Across many Latin American countries, the New Year is welcomed not only with celebrations and fireworks, but with a powerful symbolic ritual: burning the Old Year.

This tradition, known as El Año Viejo, is a beautiful way of saying goodbye to what has passed and making space for new beginnings. It combines culture, reflection, humour, and family connection—making it especially meaningful when shared with children.

What Is El Año Viejo?

El Año Viejo is usually represented by a handmade figure or doll, created using old clothes, cardboard, paper, or straw. The figure symbolises the year that is ending, carrying with it everything the year brought: joyful moments, challenges, lessons, and memories.

Burning the Old Year is not about destruction—it is about closure, transformation, and renewal.

Countries Where the Old Year Is Burned

Ecuador
This is one of the countries where the tradition is most widely celebrated. Families and communities create large Old Year figures, sometimes inspired by public figures or characters from the year. Before burning them, people often read humorous “wills” where the Old Year leaves messages behind.

Colombia
In many regions, the Old Year is burned as a family ritual. Children often take part in dressing the figure and talking about what they want to leave behind and what they hope for in the year ahead.

Venezuela
Here, the burning of the Old Year symbolises emotional cleansing and hope. It is often combined with gratitude rituals and wishes for health, peace, and prosperity.
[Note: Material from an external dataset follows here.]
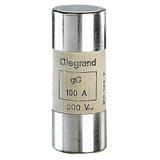 Wkładka Bezpiecznikowa Cylindryczna 22x58Mm 100A Gl 500V Hpc 015396 LEGRAND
Peru and other Andean countries
The tradition appears in different forms and is sometimes connected to ancestral rituals, where fire represents transformation, renewal, and rebirth.

Why This Tradition Is Educational for Children

The Old Year tradition offers powerful learning opportunities for children:

  • It helps them talk about emotions and experiences

  • It teaches them about time, cycles, and change

  • It reinforces the idea that mistakes are part of learning

  • It strengthens family bonds through shared reflection

  • It passes on cultural identity and traditions

It turns New Year’s Eve into more than a celebration—it becomes a moment of meaning.

Celebrating the Old Year with Children Today

Many families now adapt the tradition in safe and symbolic ways, especially outside Latin America. Children might draw what they want to let go of, write wishes for the new year, or take part in guided reflection activities at home.

What matters most is not the fire, but the intention behind the ritual.

 

Celebrate the Old Year as a Family

If you would like to experience this tradition with your children in a safe, meaningful, and educational way, we have created a New Year’s Old Year Kit designed especially for families.

The kit helps children:

  • Reflect on the year that is ending

  • Express emotions creatively

  • Learn about Latin American culture

  • Create a beautiful family ritual

👉 Discover our Old Year Kit and turn New Year’s Eve into a moment of connection, reflection, and tradition.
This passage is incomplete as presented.